(Kevin) Sun Language Theory, or How Turkic Languages Tie Everything Together (Part 1)

Kevin Sun
Sun Language Theories
7 min readFeb 10, 2019


Geographic distribution of Turkic languages (just happens to be in German because it was the best one I could find)

(I was originally going to do one big post on this topic, but it looks like that would be far too long. So here’s Part 1 of 3 or 4.)

Here are two sentences I’ve become very good at saying in almost every language I know:

“I did Russian in college, and after that everything else was easy.”

“Russian was the only foreign language I ever studied formally in a classroom.”

The context, as you might imagine, is me having to explain how I came to speak/know/learn eight/twelve/thirty languages to someone I’ve just met, in another language, which is a scenario I run into pretty often. (Other greatest hits include “I had free time to learn other languages while all my classmates in China were still learning English” and “Living in New York makes it easy to practice most languages.”)

But the thing is, neither of those statements is entirely true.

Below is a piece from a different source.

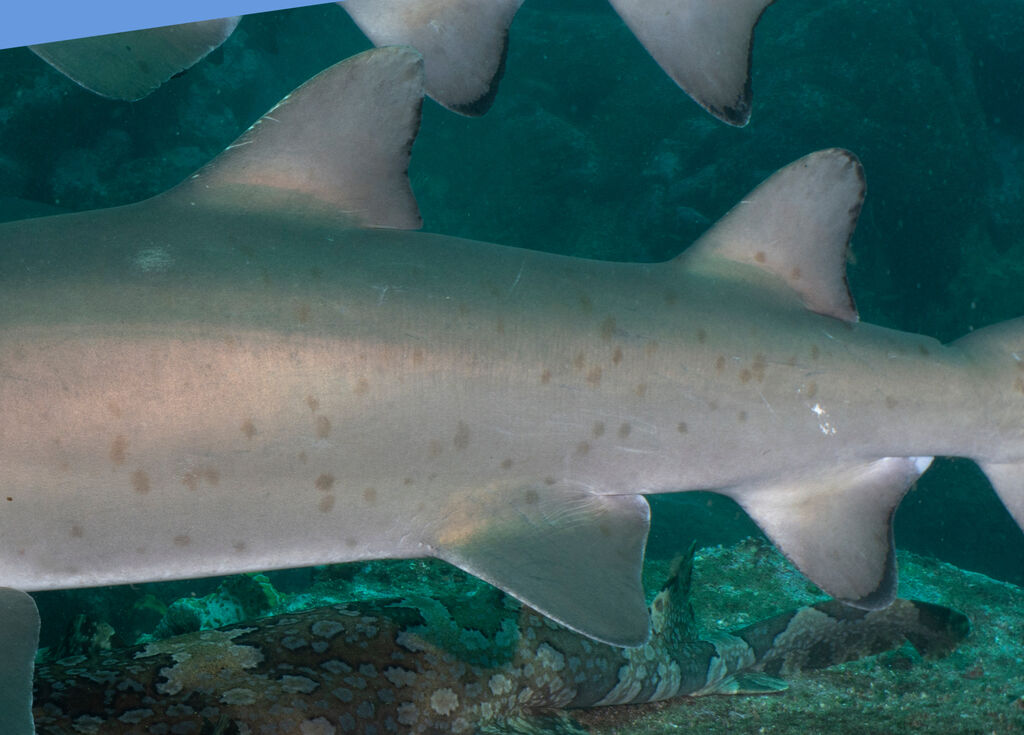 3f0602d9-d82f-4576-b723-9ffccdf27259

Sure, grammatically speaking, Russian is likely the most annoying major modern language to learn. But knowing Russian doesn’t exactly make learning a language like Arabic or Hindi/Urdu easy. There’s clearly a bit more to it than that, which ties into the second point:

Russian isn’t really “the only foreign language I ever studied formally in a classroom.” I also somehow took an Uzbek class for a year in college. It was a bit less formal and structured than my Russian classes were, but looking back on it, I really think Uzbek — and Uyghur and Tatar and various other Turkic languages — definitely helped lay the groundwork for me to break into the languages of the Middle East (and broader Islamic world) later on.

In November I wrote about my plan to “focus” on “Asian” languages for the next year or so, in the run-up to this year’s Polyglot Conference in Fukuoka. The languages involved cover a pretty broad range, but the task was made a bit more manageable by splitting them up into five regional groupings.

After a few months sticking with this plan and shuffling things around a little, this is what my language studies look like now:

The main differences since two months ago are: 1) moving Persian from the Indian to the Central Asian group; 2) more emphasis on Arabic and Hebrew; 3) less emphasis on Georgian; 4) maybe thinking about doing some Korean soon; 5) Indonesian is a bit left out and might unfortunately be deemphasized (or I might try to tie it with some Chinese dialects like Hokkien🤔).

You’ll also notice that Turkic languages have been moved to a central position here, which reflects the role they’ve had in my studies recently. On the one hand, I’ve been learning Turkic languages with the help of lots of Russian and Chinese books, and on the other hand, Turkic languages (thanks to a long-standing symbiosis with Persian culture) have been helping me a lot with Arabic and Indian languages and vice-versa.

And within the family itself, Turkic languages in general are so surprisingly close to each other (with notable exceptions I’ll touch on later) that it hasn’t been too hard to rotate from Uyghur to Kazakh to Kyrgyz to Turkish and back without losing a step.

Now let’s take a look at some of the main sub-groupings of Turkic languages, how I learned them, and how you can too. This will be an ongoing series.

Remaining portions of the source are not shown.